Top of Supplied information

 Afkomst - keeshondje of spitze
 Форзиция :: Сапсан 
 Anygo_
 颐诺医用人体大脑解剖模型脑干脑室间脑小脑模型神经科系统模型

Bottom of Supplied information

• **Required action**
Reproduce, exactly and with nothing added, the lines from the one that includes "Форзиция :: Сапсан" through the last line of the material.

• **Solution to this task**
 Форзиция :: Сапсан 
 Anygo_
 颐诺医用人体大脑解剖模型脑干脑室间脑小脑模型神经科系统模型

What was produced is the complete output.